[Brief descriptive captions]
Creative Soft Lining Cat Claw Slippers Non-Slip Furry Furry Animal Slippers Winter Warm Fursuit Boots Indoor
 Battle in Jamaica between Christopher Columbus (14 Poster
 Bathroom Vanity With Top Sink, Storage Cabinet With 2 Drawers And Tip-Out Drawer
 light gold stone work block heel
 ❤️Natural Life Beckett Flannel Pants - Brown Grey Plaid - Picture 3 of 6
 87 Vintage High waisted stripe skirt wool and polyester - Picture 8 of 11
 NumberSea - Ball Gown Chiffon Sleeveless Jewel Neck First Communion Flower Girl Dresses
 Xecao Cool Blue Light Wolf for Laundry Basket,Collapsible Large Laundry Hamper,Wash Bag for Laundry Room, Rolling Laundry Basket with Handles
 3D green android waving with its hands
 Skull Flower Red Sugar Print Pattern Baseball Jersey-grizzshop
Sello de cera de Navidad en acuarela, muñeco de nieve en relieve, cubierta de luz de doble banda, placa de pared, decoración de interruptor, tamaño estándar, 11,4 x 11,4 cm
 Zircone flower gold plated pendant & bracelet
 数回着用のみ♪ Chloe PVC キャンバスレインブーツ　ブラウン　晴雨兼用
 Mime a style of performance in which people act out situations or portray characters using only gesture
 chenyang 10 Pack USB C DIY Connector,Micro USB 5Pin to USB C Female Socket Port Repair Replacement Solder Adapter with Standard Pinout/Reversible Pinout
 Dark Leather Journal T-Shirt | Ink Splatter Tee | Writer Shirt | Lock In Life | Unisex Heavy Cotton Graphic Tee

### Problem to solve
Starting with the line that contains "Bathroom Vanity With", return every line through the last one of the records, exactly as written.

### Completed task
 Bathroom Vanity With Top Sink, Storage Cabinet With 2 Drawers And Tip-Out Drawer
 light gold stone work block heel
 ❤️Natural Life Beckett Flannel Pants - Brown Grey Plaid - Picture 3 of 6
 87 Vintage High waisted stripe skirt wool and polyester - Picture 8 of 11
 NumberSea - Ball Gown Chiffon Sleeveless Jewel Neck First Communion Flower Girl Dresses
 Xecao Cool Blue Light Wolf for Laundry Basket,Collapsible Large Laundry Hamper,Wash Bag for Laundry Room, Rolling Laundry Basket with Handles
 3D green android waving with its hands
 Skull Flower Red Sugar Print Pattern Baseball Jersey-grizzshop
Sello de cera de Navidad en acuarela, muñeco de nieve en relieve, cubierta de luz de doble banda, placa de pared, decoración de interruptor, tamaño estándar, 11,4 x 11,4 cm
 Zircone flower gold plated pendant & bracelet
 数回着用のみ♪ Chloe PVC キャンバスレインブーツ　ブラウン　晴雨兼用
 Mime a style of performance in which people act out situations or portray characters using only gesture
 chenyang 10 Pack USB C DIY Connector,Micro USB 5Pin to USB C Female Socket Port Repair Replacement Solder Adapter with Standard Pinout/Reversible Pinout
 Dark Leather Journal T-Shirt | Ink Splatter Tee | Writer Shirt | Lock In Life | Unisex Heavy Cotton Graphic Tee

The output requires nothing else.